Pertumbuhan GIDI

Sejak tanggal 29 Juli 1962 gereja GIDI terbentuk secara organisme ketika terjadi baptisan pertama di kali nduame (sungai Yordan pada waktu itu) di Kelila wilayah Bogo. Kemudian pada tanggal 12 Februari 1963 gereja ini terbentuk secara organisasi dan tanggal tersebut ditetapkan sebagai hari lahirnya gereja GIDI yang diperingati setiap tahun. Dalam catatan sejarah maupun kesaksian pelaku sejarah gereja ini menyebutkan bahwa tanggal tersebut menjadi tolak ukur keputusan untuk memilih berdiri sendiri yaitu bertepatan dengan hari Konferensi Umum Pertama Gereja-Gereja Lani pada tanggal 12 Februari 1963 di Pit River yang dihadiri oleh 51 pemimpin gereja Lani dari 11 wilayah dan 7 Misionaris (ABMS, RBU, C&MA, UFM). Inilah tonggak awal berdirinya Gereja Injili Di Indonesia secara de jure dan de facto.

Kini usia GIDI sudah mencapai lima puluh dua tahun. Ditelaah dari sudut waktu, lima puluh dua tahun adalah usia yang cukup dewasa secara rohani untuk mandiri dalam mengejawantahkan visinya ke dalam tindakan nyata di muka bumi. Pertumbuhan dan pengembangan secara kuantitas maupun kualitas merupakan tujuan utama gereja ini maka untuk mancapi tujuan tersebut gereja melakukan dua arah pelayanan yaitu Penginjilan dan Pemuridan. Oleh karena anugerah Tuhan yang maha besar, maka gereja GIDI terus mengalami pertumbuhan dan perkembangan yang sangat pesat dalam pelayanannya, baik di tingkat lokal (Papua), nasional dan internasional. Lokal dan nasional dalam bentuk pengembangan pos PI dan jemaat, sedangkan tingkat internasinal berhubungan dengan kerjasama bidang penginjilan, pendidikan, kesehatan dan ekonomi kreatif berbasiskan jemaat. Semua ini tentu menyadarkan umat GIDI agar senantiasa merendahkan diri dan bersandar kepada Tuhan serta bersyukur dihadapan Tuhan atas kehendak dan rencan-Nya melahirkan gereja pribumi. Ia yang membangun gereja-Nya, Ia sendiri pula akan memelihara dan merawatnya sampai hari kesudahan tiba.

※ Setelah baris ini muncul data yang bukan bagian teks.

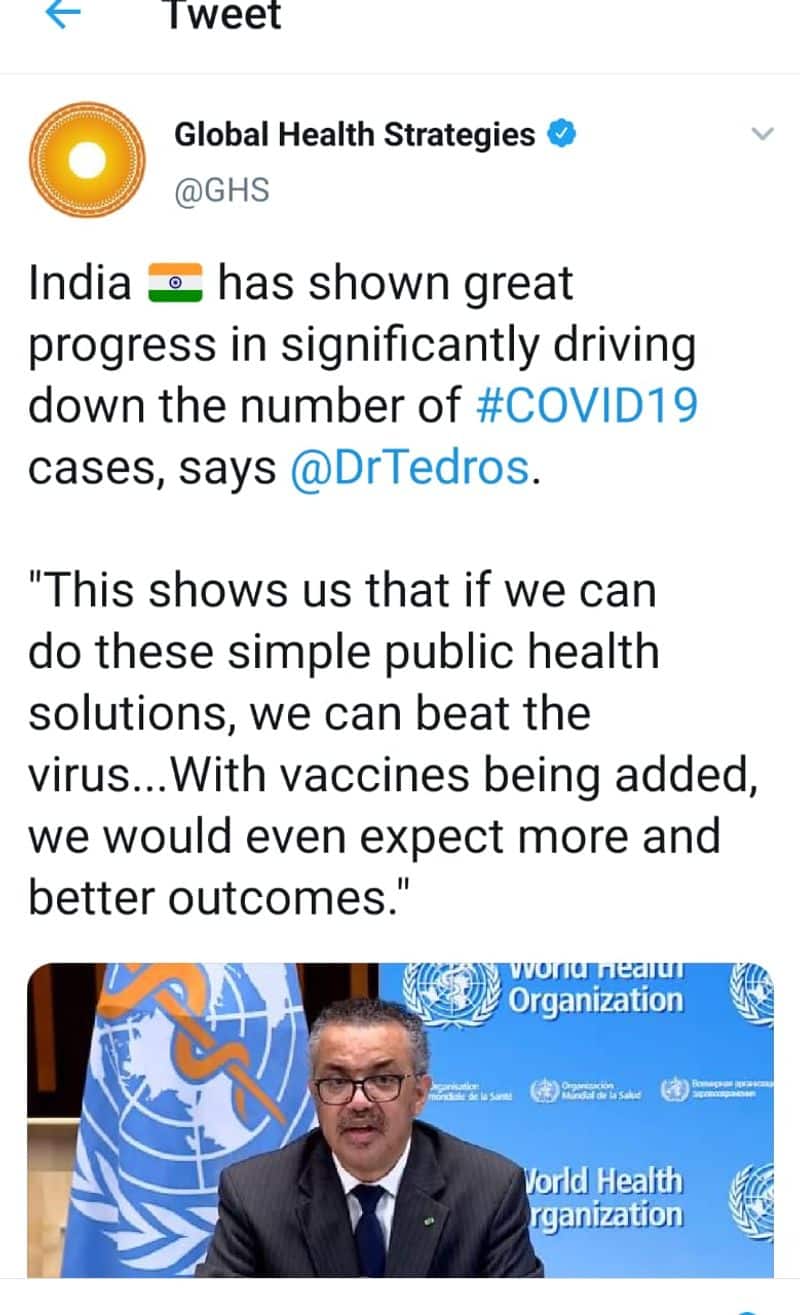 India is a pioneer in the prevention of corona virus .. WHO Director General Tetros Adanom praised ..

Kebenaran ini datang dari pihak Tuhan bahwa Ia membuktikan prinsip Kerajaan Allah melalui gereja-Nya; dimana Kerajaan Allah mengandung prinsip benih yaitu yang terkecil dan yang terbelakang kini bertumbuh dalam Kasih Karunia dan Kebenaran. Semuanya berpusat pada Yesus Kristus sebagai kepala gereja dan Injil terus diberitakan sampai Kristus datang yang kedua kali. Hanya dalam keilahian-Nya, GIDI bermegah; dalam kuasa-Nya, GIDI bertindak; dalam Amanat Agung-Nya, GIDI terus siap kemana saja diutus pergi memberkati bangsa-bangsa; dan dalam kebesaran-Nya, GIDI bertumbuh dan berkembang.

Oleh kasih karunia Tuhan maka gereja GIDI memperluas wilayah pelayanan di seluruh pelosok tanah Papua, Indonesia, Asia Pasific dan Eropa.

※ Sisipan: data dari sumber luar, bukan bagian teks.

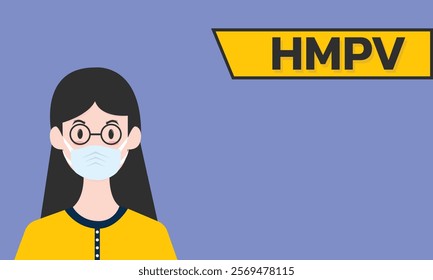 Woman wearing medical mask to protect HMPV, Human Metapneumovirus. COVID-19 or prevent disease, flu, air pollution, contaminated air, world pollution concept.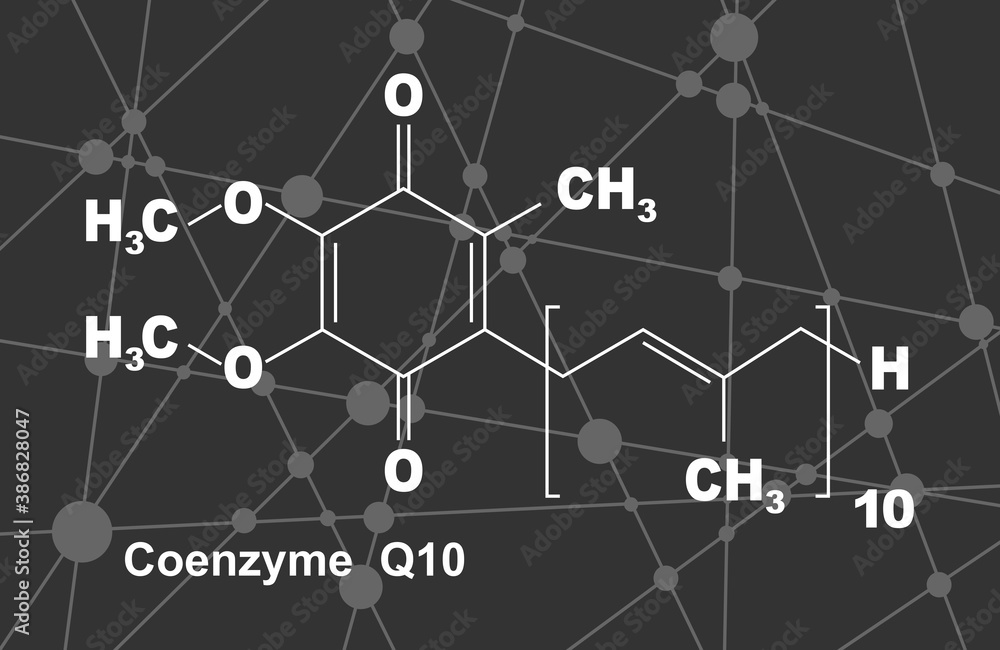 Coenzyme Q10 molecule, chemical structure. Production of cellular energy. Lines and dots connected background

  • Anggota Jemaat: 976.000 jiwa yang sudah terdaftar dalam Surat Baptisan (Sumber: statistik GIDI 2009).
  • Jemaat lokal: 2.061 buah gereja.
  • Terdiri dari 8 wilayah: Bogo, Toli, Yamo, Yahukimo, Pegunungan Bintang, Pantai Utara, Pantai Selatan, Jasumbas.
  • Pos PI sebanyak 104 buah.
  • Tenaga Missionaris/Penginjil lokal dan internasional sebanyak 92 kepala keluarga atau 582 orang yang melayani di dalam negeri dan luar negeri.
  • Kerja sama dengan gereja – gereja Injili di Luar Negeri : Israel, Papua New Guniea, Palau, Belanda, Aboriginal, Yunani, Pakistan dan Ethiopia.